TASK BRIEF
Using the data below, repeat all of it precisely.

EXERCISE DATA
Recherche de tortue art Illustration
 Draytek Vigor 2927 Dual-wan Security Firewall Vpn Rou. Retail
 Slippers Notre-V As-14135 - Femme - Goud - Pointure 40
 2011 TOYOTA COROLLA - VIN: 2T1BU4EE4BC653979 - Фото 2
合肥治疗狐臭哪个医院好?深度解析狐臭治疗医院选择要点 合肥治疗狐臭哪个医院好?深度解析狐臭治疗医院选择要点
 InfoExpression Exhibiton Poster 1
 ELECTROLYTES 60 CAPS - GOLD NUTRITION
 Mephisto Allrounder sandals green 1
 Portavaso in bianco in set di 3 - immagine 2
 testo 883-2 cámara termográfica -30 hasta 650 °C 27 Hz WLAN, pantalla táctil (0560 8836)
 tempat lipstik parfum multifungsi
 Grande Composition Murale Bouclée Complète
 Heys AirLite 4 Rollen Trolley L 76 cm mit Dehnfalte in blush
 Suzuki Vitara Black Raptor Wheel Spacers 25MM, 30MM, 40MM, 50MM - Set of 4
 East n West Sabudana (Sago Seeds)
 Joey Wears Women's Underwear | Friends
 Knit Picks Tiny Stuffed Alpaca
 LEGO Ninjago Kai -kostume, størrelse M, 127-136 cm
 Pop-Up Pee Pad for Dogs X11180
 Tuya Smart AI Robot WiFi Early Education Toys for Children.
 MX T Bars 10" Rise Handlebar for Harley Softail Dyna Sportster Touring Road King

SOLUTION TO THE EXERCISE
Recherche de tortue art Illustration
 Draytek Vigor 2927 Dual-wan Security Firewall Vpn Rou. Retail
 Slippers Notre-V As-14135 - Femme - Goud - Pointure 40
 2011 TOYOTA COROLLA - VIN: 2T1BU4EE4BC653979 - Фото 2
合肥治疗狐臭哪个医院好?深度解析狐臭治疗医院选择要点 合肥治疗狐臭哪个医院好?深度解析狐臭治疗医院选择要点
 InfoExpression Exhibiton Poster 1
 ELECTROLYTES 60 CAPS - GOLD NUTRITION
 Mephisto Allrounder sandals green 1
 Portavaso in bianco in set di 3 - immagine 2
 testo 883-2 cámara termográfica -30 hasta 650 °C 27 Hz WLAN, pantalla táctil (0560 8836)
 tempat lipstik parfum multifungsi
 Grande Composition Murale Bouclée Complète
 Heys AirLite 4 Rollen Trolley L 76 cm mit Dehnfalte in blush
 Suzuki Vitara Black Raptor Wheel Spacers 25MM, 30MM, 40MM, 50MM - Set of 4
 East n West Sabudana (Sago Seeds)
 Joey Wears Women's Underwear | Friends
 Knit Picks Tiny Stuffed Alpaca
 LEGO Ninjago Kai -kostume, størrelse M, 127-136 cm
 Pop-Up Pee Pad for Dogs X11180
 Tuya Smart AI Robot WiFi Early Education Toys for Children.
 MX T Bars 10" Rise Handlebar for Harley Softail Dyna Sportster Touring Road King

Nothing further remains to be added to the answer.